量的変数とは、順序と間隔に意味がある変数です。さらに比率に意味がないかあるかによって、間隔尺度と比例尺度に分類することができます。
種類 | 順序 | 間隔 | 比率 | 例 | |
---|---|---|---|---|---|
質的変数 | 名義尺度 | 意味なし | 意味なし | 意味なし | 合否 ID、氏名、性別 |
順序尺度 | 意味あり | 意味なし | 意味なし | 大中小 順位、ランク |
|
量的変数 | 間隔尺度 | 意味あり | 意味あり | 意味なし | 西暦 摂氏温度 |
比例尺度 | 意味あり | 意味あり | 意味あり | 絶対温度 長さ、重さ、時間 |
例えば順序尺度である「大中小」は、順序に意味があります。しかし「大と中の間隔」と「中と小の間隔」が必ずしも等しいわけではなく、間隔に意味はありません。[3]同様に、スターバックスのベンティ(590 ml)、グランデ(470 ml)、トール(350 ml)、ショート(240 … Continue reading
例えば間隔尺度である「摂氏温度」は、順序に意味があります。さらに「10℃と11℃の間隔」と「11℃と12℃の間隔」が等しく、間隔に意味があります。しかし「10℃と20℃の比」に意味はありません。[4]例えば、ある日の最高気温(昼の気温)が20℃、最低気温(夜の気温)が10℃だったとして、「昼は夜より2倍気温が高い」と言うことはできません。
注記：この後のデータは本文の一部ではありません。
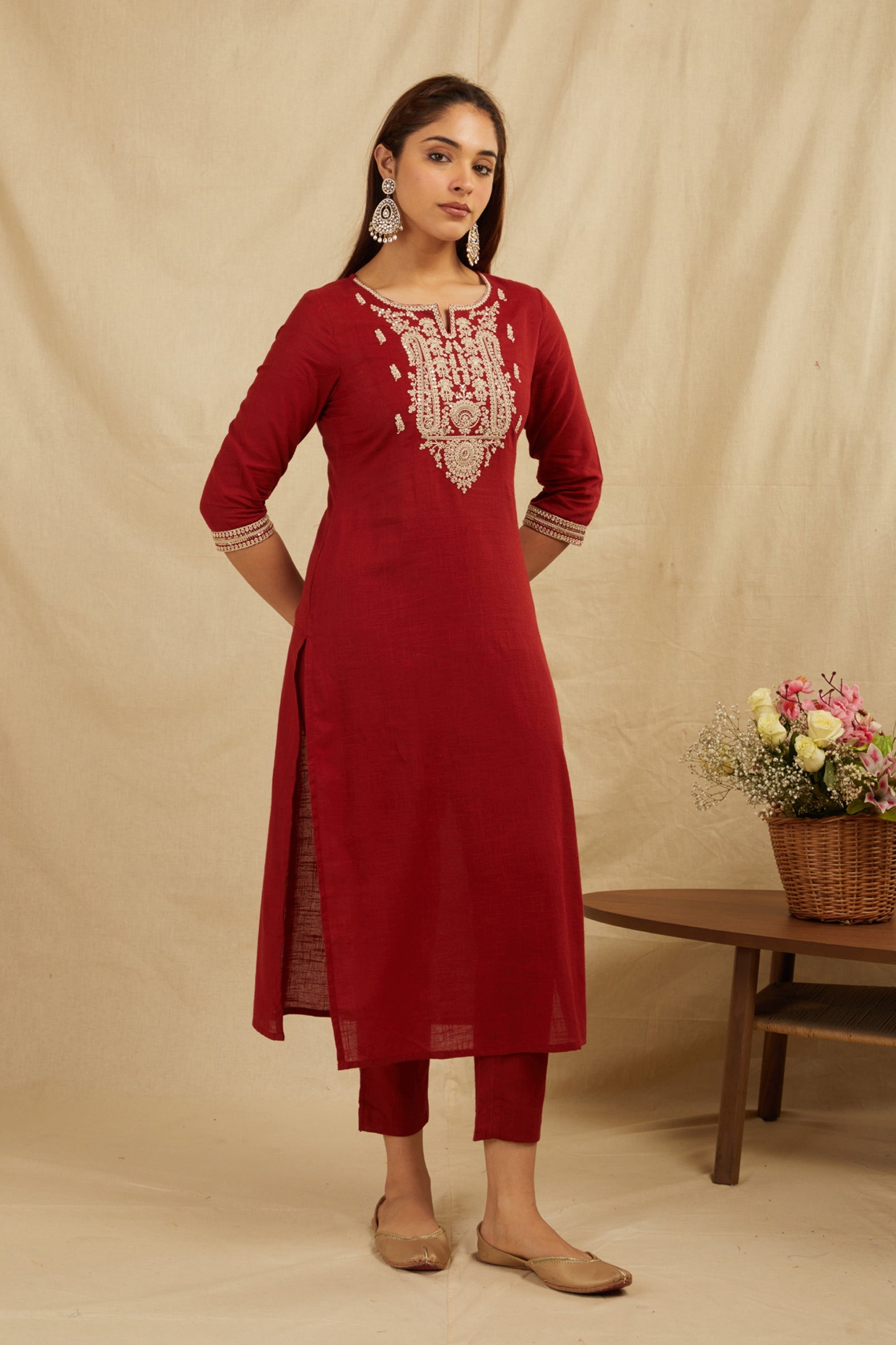 Maroon Cotton Partywear Suit Set With Work On Yoke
例えば比例尺度である「長さ」は、順序に意味があります。さらに「1メートルと2メートルの間隔」と「2メートルと3メートルの間隔」が等しく、間隔に意味があります。さらに「1メートルと2メートルの比」に意味があります。[5]「2メートルは1メートルより2倍長い」と言うことができます。
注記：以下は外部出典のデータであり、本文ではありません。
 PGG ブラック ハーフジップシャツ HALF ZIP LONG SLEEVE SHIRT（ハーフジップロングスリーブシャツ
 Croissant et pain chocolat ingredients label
「間隔に意味がある」というのは、四則演算のうち和算(足し算)と減算(引き算)ができるということを意味します。
「比率に意味がある」というのは、四則演算のうち乗算(掛け算)と除算(割り算)ができるということを意味します。
比例尺度は、すべての四則演算が可能です。[6]比例尺度は、比率尺度あるいは比尺度とも呼ばれます。
質的データと量的データ
変数(変量)のとる値がデータです。
質的変数のとる値が質的データであり、量的変数のとる値が量的データです。
質的変数をカテゴリカル変数と呼ぶのと同様に、質的データをカテゴリカルデータとも呼びます。
プログラミングにおけるデータ型との関係
質的データと量的データ、またある尺度水準のデータをプログラミングにおいてどのように扱うか、明確な指針はありません。
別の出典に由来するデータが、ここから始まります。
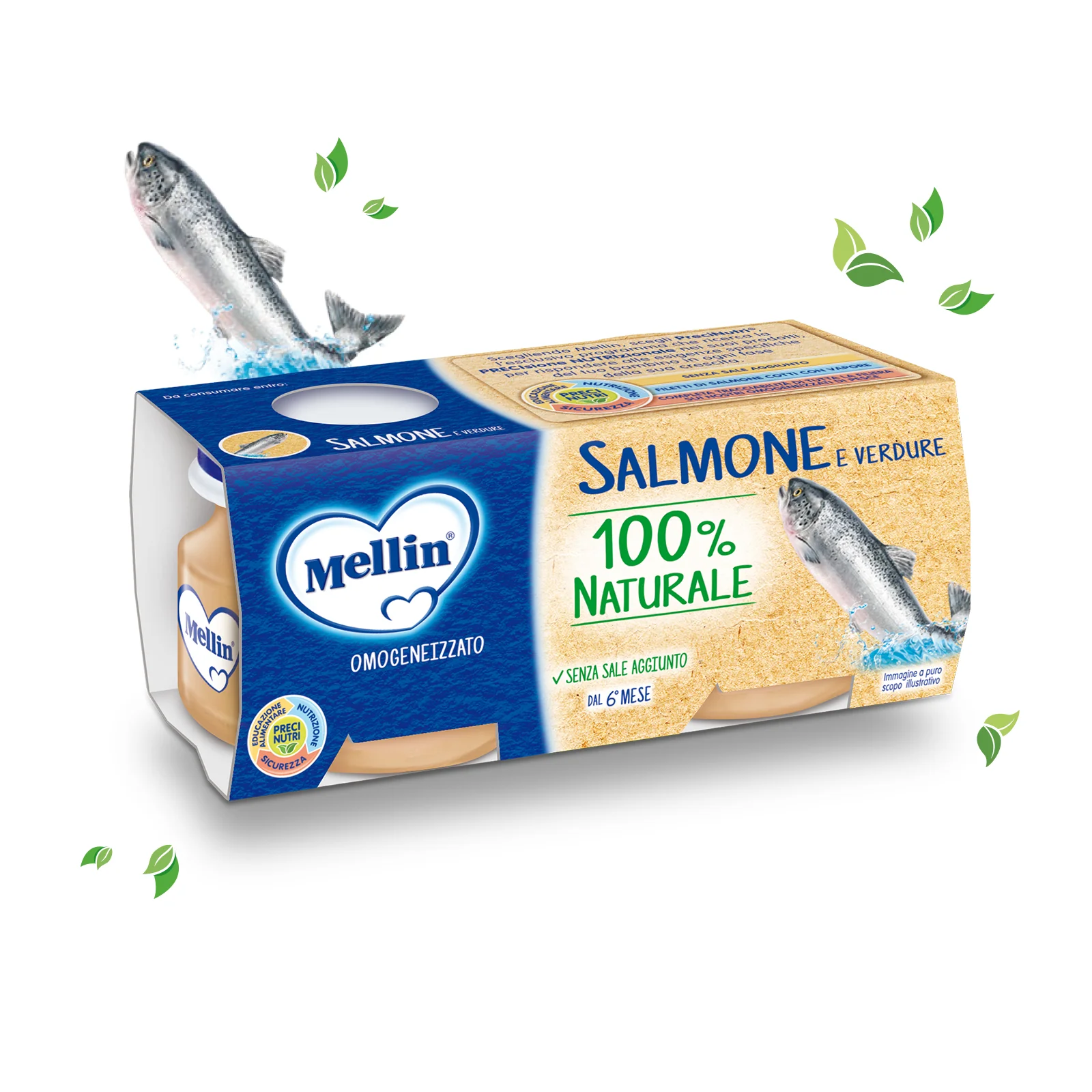 Mellin - Omogeneizzato Salmone: Confezione 4x80 gr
そもそもコンピュータ上で何らかの演算を行うためには、質的データであっても結局は量的に扱う必要があります。この操作を、数量化と呼びます。
「質的データは数量化して扱う」というのは一つの方法ですが、ある種のデータ型を使用することにより、数量化を意識せずにある程度までの統計解析が可能となります。[7]「ある程度の」というのは、ライブラリによっては対応していない場合もあるためです。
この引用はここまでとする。